▶ [EXERCISE GOAL]
Look through the data below and extract, unchanged, the lines from the one that contains "Jogo De Jarra" to the one that contains "Alaïa Vienne Laser-cut", both included.

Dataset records
********************

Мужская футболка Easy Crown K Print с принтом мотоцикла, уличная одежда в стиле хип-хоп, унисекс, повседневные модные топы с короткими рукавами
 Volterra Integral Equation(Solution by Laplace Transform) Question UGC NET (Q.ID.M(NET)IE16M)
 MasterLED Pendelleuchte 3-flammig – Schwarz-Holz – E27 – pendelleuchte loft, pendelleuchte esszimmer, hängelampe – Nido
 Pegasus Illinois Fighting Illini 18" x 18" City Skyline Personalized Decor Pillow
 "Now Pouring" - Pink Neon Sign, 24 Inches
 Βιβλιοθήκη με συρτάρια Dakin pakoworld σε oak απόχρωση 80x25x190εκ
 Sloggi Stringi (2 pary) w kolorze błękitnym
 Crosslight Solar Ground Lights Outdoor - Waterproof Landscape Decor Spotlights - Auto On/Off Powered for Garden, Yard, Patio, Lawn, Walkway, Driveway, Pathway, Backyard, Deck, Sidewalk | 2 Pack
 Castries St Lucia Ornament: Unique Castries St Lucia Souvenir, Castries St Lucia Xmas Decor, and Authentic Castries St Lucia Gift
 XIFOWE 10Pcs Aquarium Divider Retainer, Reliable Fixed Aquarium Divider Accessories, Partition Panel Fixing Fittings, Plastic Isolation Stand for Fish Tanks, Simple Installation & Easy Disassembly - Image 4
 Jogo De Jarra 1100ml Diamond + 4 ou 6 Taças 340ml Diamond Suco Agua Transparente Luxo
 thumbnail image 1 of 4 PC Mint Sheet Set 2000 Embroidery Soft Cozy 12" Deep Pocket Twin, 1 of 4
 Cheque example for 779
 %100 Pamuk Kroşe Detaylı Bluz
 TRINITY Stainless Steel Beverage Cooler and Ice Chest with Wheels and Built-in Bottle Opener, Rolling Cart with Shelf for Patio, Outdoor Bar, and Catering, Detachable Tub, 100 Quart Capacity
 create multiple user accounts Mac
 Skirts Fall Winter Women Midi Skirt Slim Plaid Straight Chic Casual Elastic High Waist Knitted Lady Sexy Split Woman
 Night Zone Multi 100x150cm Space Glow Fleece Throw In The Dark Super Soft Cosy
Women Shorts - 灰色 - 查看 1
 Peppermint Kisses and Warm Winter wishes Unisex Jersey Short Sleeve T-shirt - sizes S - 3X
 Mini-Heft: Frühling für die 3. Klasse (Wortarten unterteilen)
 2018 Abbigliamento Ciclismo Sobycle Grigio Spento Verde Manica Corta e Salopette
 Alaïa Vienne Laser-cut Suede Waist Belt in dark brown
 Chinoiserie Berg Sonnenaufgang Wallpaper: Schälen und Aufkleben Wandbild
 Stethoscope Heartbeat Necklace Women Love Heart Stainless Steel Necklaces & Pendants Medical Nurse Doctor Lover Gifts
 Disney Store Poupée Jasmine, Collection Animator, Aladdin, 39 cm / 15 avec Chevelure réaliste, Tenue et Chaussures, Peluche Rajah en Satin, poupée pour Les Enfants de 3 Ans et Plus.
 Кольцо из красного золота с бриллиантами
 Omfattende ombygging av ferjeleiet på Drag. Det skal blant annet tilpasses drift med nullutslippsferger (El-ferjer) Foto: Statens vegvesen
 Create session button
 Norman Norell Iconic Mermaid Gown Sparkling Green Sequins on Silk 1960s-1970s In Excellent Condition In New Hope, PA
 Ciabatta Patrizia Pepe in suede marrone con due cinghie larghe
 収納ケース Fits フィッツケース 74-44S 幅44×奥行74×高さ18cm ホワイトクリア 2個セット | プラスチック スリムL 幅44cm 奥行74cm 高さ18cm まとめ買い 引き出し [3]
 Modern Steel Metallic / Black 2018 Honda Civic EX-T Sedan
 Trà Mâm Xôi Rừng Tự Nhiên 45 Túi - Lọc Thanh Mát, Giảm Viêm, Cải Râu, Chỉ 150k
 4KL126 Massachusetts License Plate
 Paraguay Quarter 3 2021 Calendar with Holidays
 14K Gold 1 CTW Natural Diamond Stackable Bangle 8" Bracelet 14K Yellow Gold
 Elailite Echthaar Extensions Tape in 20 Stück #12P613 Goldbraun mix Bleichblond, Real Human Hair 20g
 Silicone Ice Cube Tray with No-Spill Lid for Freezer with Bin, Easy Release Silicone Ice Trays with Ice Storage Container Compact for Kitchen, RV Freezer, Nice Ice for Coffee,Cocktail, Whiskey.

********************

▶ [RESPONSE BELOW]
 Jogo De Jarra 1100ml Diamond + 4 ou 6 Taças 340ml Diamond Suco Agua Transparente Luxo
 thumbnail image 1 of 4 PC Mint Sheet Set 2000 Embroidery Soft Cozy 12" Deep Pocket Twin, 1 of 4
 Cheque example for 779
 %100 Pamuk Kroşe Detaylı Bluz
 TRINITY Stainless Steel Beverage Cooler and Ice Chest with Wheels and Built-in Bottle Opener, Rolling Cart with Shelf for Patio, Outdoor Bar, and Catering, Detachable Tub, 100 Quart Capacity
 create multiple user accounts Mac
 Skirts Fall Winter Women Midi Skirt Slim Plaid Straight Chic Casual Elastic High Waist Knitted Lady Sexy Split Woman
 Night Zone Multi 100x150cm Space Glow Fleece Throw In The Dark Super Soft Cosy
Women Shorts - 灰色 - 查看 1
 Peppermint Kisses and Warm Winter wishes Unisex Jersey Short Sleeve T-shirt - sizes S - 3X
 Mini-Heft: Frühling für die 3. Klasse (Wortarten unterteilen)
 2018 Abbigliamento Ciclismo Sobycle Grigio Spento Verde Manica Corta e Salopette
 Alaïa Vienne Laser-cut Suede Waist Belt in dark brown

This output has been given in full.